|This article is part of UnNews||Your A.D.D. news outl — Oooh, look at the pictures!|
29 December 2006
Baghdad, Iraq - The United States is planning to hand Saddam Hussein over to Iraqi authorities for execution by hanging, perhaps as early as this weekend, Associated Press reporter Lauren Frayer announced. Meanwhile, the U. S. is making preparations for the former dictator's execution.
"K-Mart has very graciously contributed several different types, diameters, and lengths of rope," Less Killum, a spokesperson for the Department of Justice said, adding, "Wal-mart has contributed a folding step ladder."
Authorities say that they plan to force Saddam to climb to the top step of the ladder. Then, someone will kick the ladder out from under his feet, and Saddam will reach the end of his rope, where he will hang until dead.
Lynn Chu, a professional hangman, says, "They say 'until dead' because if the rope doesn't break the condemned man's neck, it will choke him to death--eventually."
Although Saddam is expected to be dead by New Year's Day and he has been sentenced to be hung, several influential individuals are pressing for the dictator to be killed by firing squad, electrocution, or gas chamber. However, Fahhad Omalahaddad Baghdadda, a spokesman for the Iraqi government, such as it is, was adamant that Saddam would be hung, saying, "Iraq prefers that the pig be hung, and hung he shall be."
The execution will take place in a public forum. Tickets are being printed for sale, the cheapest of which will cost $1,500 (U. S. dollars), and the most expensive of which will cost $5,500. "It may seem high," Baghdadda said, "but it's really a bargain. Spectators will see the bastard dictator and killer of Kurds twist at the end of his rope, thrashing and kicking. He is a strong, healthy man and a good dancer. He will most likely put on quite a show."
Guests who witness Saddam's execution will include President George W. Bush, his wife Laura, and their twin daughters Barbara and Jenna. "I've waited a long time to see this," the president divulged, "and so has Laura." The first family intends to bring a picnic lunch and make a day of it. "Afterward, we may attend the autopsy," the president said, "to see whether he had a heart or, for that matter, a brain."

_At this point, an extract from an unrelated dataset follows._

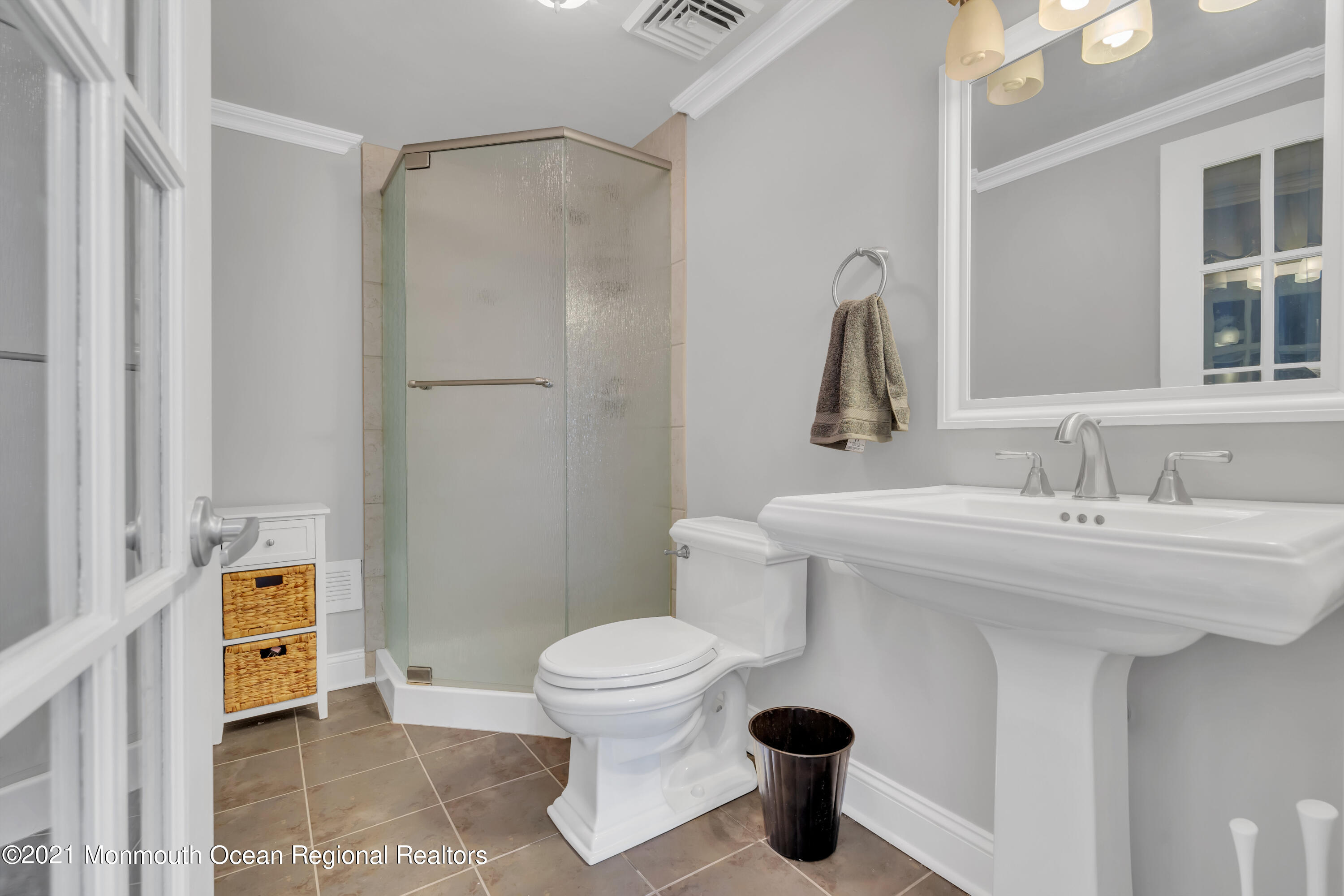 43 Woodhaven Road Toms River, NJ 08753 - Photo 24 of 67 a bathroom with a sink a toilet and a mirror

"I could have bought a blue dress like the one Monica Lewisnki wore during her visits with Bill Clinton," Jenna said, "but I'd rather see Saddam jerk and thrash as he chokes to death." She'll ask for her money back, she said, if the drop breaks Saddam's neck. "I'm paying a lot of money to see the dictator meet his maker, who, I believe will be Jehovah, not Allah, and I want to see some pain and suffering."
Barbara added, "I get to keep his teeth, tongue, and eyes, which should make nice souvenirs."
Saddam's only comment was, "Death to them all, the bastards. Iraq is my country. I built palaces, palaces and mosques, and I developed graceyards, thousands of them, many unmarked. I built this country, andit belongs to me. I will kill Wikipedia before I die."